Don’t get me wrong. Relatively speaking, that understanding can work. In it, the fixed mindset is still limiting itself while the growth mindset continues to gain in a knowledge capacity. The fixed mindset is still achieving — and risking — far less than the growth mindset.
But his idea doesn’t go far enough. It doesn’t explain how things actually play out: That there’s no danger in living in a true growth mindset because the true growth mindset is one of developing and expanding, learning and trying, preparing and attempting.
The growth mindset is not afraid to try new things. That’s the point this writer misses. The fixed mindset will cringe away from something (not just learning), while the growth mindset will try something and, if it doesn’t work out, will figure out how to get better at it.
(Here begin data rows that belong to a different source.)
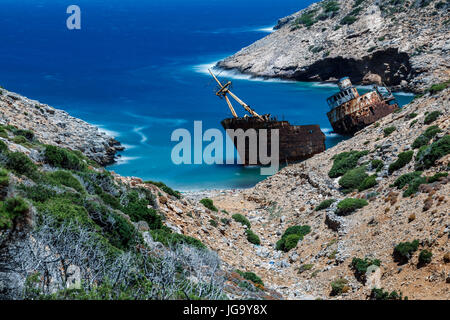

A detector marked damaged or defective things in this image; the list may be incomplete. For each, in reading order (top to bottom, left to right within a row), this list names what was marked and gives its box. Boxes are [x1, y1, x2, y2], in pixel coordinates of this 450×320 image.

rusty ship hull [326, 77, 398, 135]
rust stain on hull [326, 78, 398, 135]
rust stain on hull [221, 118, 324, 168]
rusty ship hull [222, 118, 326, 168]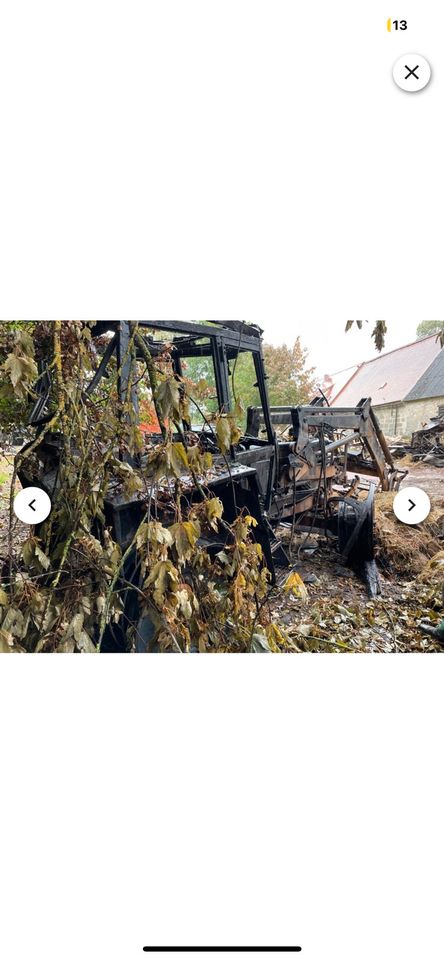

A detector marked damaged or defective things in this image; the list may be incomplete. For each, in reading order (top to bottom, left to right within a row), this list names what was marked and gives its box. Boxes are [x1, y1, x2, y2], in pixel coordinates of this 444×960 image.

The mindsets set the stage for how much someone can — or wants to — achieve. In the book, Dweck goes into the power of utilizing such a mindset and teaching it to our youth, to set them on a path of lifelong learning…and growth, and empowerment, and achievement, and, hopefully, success.
For example, she notes that when a child achieves something, that the achievement itself should not be celebrated the most, and that more attention should be put on the effort the child puts in to achieve that end result. It aims to put emphasis on, and celebrate, effort more than achievement.
That’s when we all need support and empowerment — in our effort, not when we’ve already achieved our success.
Think about it: If we only celebrate a child’s achievements, they’ll take less risks because they’re under the impression that only achievements are important and will be celebrated. With the growth mindset’s celebration of effort instead, the achievement is not the main focus of acclaim, so whether or not the achievement is attained is not as important as the effort put in.
But, this doesn’t mean achievement is not important, which seems to be what the author of the piece is concerned about. He believes that with the growth mindset no action is ever taken and nothing ever gets achieved.
Dweck wants to ensure we praise effort more than achievement, not that we forfeit achievement altogether.
Although the fixed mindset examples in the book encourage us to not merely praise the result of an effort but the effort most of all, that doesn’t mean encouraging a continuous life of merely taking in information. It doesn’t mean an effort of continuous, endless, and never-ending consumption of knowledge, or learning, as the author suggests.
So, I’m not sure why Mr. Kruse believes the growth mindset is about continued learning without any level of achievement, or that it’s a path comparable to procrastination.
There is continuous learning, yes, to get to what we want to achieve. But there’s growth after that. We can — and need to — raise the bar on ourselves. That’s how we grow.
That’s what I took away from reading the Dr. Dweck’s bookmindset.
Where do you stand? What were your takeaways?